昨日なんか変な物でも食べたっけ? と考えながら私は出掛ける準備をした。



 今日は私の誕生日。さて彼氏からのプレゼントはなんだろう? と少し『ワクワク』しながら待ち合わせ場所に向かった。


 街を歩いているとお店のガラスに映る私の頭の上には『ワクワク』の文字がずっと浮かんでいた。思わず『ブンブン』と頭の上を手で払う。たぶん私しか見えてないから気にしなくてもいいとは思うけど、なんかヤダ。



 彼氏は30分遅れてやってきた。「ごめんごめん!」と言いながらハァハァと息を切らしている……が、その息遣いが文字で出ていない。こいつ直前でちょっと走っただけだな。どうやら嘘は文字となって出ないようだ。

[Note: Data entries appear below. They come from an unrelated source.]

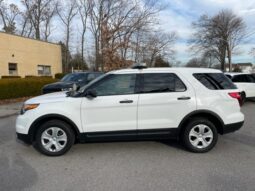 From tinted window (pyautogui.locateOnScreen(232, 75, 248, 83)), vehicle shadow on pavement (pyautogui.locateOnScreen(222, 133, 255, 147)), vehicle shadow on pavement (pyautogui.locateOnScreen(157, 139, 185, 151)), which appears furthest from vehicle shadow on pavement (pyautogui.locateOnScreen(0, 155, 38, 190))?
tinted window (pyautogui.locateOnScreen(232, 75, 248, 83))

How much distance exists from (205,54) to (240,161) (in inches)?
2345

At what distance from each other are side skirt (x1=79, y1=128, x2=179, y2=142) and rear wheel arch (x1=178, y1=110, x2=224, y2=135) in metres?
0.18

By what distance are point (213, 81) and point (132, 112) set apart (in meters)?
1.83

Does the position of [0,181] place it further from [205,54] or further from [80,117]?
[205,54]

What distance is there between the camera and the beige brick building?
81.4 ft

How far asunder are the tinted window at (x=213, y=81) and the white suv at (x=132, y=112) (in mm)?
49

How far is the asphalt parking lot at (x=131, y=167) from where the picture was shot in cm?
393

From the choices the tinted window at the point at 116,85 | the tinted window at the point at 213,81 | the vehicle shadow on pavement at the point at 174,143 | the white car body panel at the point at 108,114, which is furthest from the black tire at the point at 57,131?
the tinted window at the point at 213,81

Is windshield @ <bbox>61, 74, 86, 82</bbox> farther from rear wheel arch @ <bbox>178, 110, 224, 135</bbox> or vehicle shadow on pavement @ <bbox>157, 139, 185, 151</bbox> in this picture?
rear wheel arch @ <bbox>178, 110, 224, 135</bbox>

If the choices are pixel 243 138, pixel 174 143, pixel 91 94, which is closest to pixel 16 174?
pixel 91 94

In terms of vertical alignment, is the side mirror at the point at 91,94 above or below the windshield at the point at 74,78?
below

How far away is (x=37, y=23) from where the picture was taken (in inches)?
1886

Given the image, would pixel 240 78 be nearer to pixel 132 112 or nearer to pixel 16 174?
pixel 132 112

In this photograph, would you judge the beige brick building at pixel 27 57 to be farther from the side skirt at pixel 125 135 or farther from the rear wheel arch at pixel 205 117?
the rear wheel arch at pixel 205 117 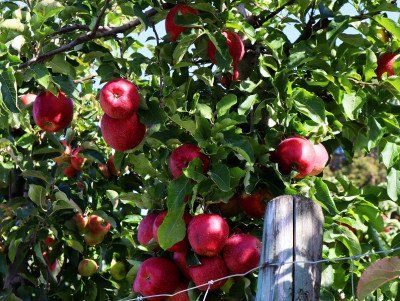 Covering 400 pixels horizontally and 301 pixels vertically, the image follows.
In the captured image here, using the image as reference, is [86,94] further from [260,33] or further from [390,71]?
[390,71]

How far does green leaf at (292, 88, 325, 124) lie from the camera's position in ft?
A: 6.11

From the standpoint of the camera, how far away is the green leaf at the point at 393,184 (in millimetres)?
1955

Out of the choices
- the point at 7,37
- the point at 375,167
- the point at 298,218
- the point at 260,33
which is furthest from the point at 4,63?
the point at 375,167

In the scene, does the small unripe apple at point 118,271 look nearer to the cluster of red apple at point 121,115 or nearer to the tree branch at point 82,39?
the cluster of red apple at point 121,115

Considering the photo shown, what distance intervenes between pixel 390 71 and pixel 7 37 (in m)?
1.04

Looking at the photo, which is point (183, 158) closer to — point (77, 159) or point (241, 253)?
point (241, 253)

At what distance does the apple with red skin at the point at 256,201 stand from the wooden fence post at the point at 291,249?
49cm

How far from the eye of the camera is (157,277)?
1.81 meters

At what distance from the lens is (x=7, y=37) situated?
2041mm

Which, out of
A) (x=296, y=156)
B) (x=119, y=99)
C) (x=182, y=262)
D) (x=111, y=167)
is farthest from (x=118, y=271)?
(x=296, y=156)

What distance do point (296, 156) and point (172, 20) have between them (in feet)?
1.76

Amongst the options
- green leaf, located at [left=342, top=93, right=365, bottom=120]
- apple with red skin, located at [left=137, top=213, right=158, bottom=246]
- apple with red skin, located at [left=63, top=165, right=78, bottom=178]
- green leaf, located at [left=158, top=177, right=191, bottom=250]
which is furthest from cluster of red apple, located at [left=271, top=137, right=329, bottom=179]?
apple with red skin, located at [left=63, top=165, right=78, bottom=178]

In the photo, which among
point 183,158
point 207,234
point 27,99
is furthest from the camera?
point 27,99

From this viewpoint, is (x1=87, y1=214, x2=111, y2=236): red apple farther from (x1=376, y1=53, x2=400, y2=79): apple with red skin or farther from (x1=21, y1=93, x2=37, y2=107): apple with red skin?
(x1=376, y1=53, x2=400, y2=79): apple with red skin
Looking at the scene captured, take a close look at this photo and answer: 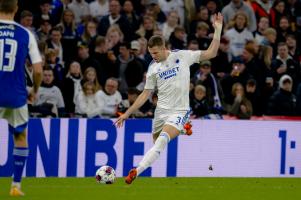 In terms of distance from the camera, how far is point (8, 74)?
11.1 meters

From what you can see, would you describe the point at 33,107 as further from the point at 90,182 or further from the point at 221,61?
the point at 221,61

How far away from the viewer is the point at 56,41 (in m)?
19.1

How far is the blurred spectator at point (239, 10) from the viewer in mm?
21641

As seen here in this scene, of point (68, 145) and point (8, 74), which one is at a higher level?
point (8, 74)

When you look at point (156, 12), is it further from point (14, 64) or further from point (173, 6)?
point (14, 64)

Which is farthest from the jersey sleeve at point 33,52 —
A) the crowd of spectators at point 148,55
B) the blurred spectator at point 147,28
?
the blurred spectator at point 147,28

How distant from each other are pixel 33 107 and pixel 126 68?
9.12ft

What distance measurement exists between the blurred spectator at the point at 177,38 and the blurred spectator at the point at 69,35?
214 centimetres

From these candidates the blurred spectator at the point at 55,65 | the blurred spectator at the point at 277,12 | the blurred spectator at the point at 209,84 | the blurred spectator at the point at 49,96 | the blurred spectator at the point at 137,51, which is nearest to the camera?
the blurred spectator at the point at 49,96

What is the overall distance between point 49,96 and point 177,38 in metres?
3.88

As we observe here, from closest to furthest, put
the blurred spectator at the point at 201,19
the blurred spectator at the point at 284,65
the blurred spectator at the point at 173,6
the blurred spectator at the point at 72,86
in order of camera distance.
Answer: the blurred spectator at the point at 72,86 < the blurred spectator at the point at 284,65 < the blurred spectator at the point at 201,19 < the blurred spectator at the point at 173,6

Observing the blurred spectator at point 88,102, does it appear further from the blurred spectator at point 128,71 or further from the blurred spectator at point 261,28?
the blurred spectator at point 261,28

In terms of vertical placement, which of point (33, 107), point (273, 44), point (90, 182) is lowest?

 一日デートを楽しんだ後、私たちは豪華なディナーに舌鼓を打つ。そしてコース料理を食べ終えたあたりでテーブルにケーキが運ばれてきた。


『ハッピーバースデートゥーユー♪』


 ここは英語で出て欲しかったぁー! と思いつつも私は笑顔を浮かべた。ケーキを食べ終え彼がプレゼントをくれた。小さな箱を『パカッ』と開けると中にはかわいい指輪が『キラン』と光っていた。


「わーありがとう!」


 私は頭の上に♡を浮かべながら指にはめたそのリングを眺めた。その時、ひとりの女性が私たちのテーブルの横をゆっくりと通り過ぎた。なぜか彼の方を『ジロッ』と見ている。その女性と目が合った彼も『ドキッ』としていた。


 女性は私たちから見えるテーブルに一人で座った。さっきから彼がずっと『ソワソワ』している。私は少し気になって「知り合い?」と訊いてみた。


『ギクッ!!』という文字と共に彼は「い、いやっ! 知らないよ」と答える。


 私は『ジー』っと彼を見つめた。『ソワソワ』『ドキドキ』『ハラハラ』。彼の周りにそんな文字が次々と浮かぶ。てかさっきから『チラチラ』女の方見てるし。



「浮気した?」


『ギクッーーーー!!!!!!』


 今日一番のでっかい文字が目の前に現れた。


「@£%#&□△◆§!?」


 動揺した彼が文字にならない言葉でなにか喋っている。私は無言で指輪をはずすとテーブルの上に『コトリ』と置いた。そして何も言わずに出口へと向かった。



 最後に『ちらっ』と彼を見るとテーブルにうなだれていた。


 その頭上には『ガーン』という大きな文字が浮かんでいた。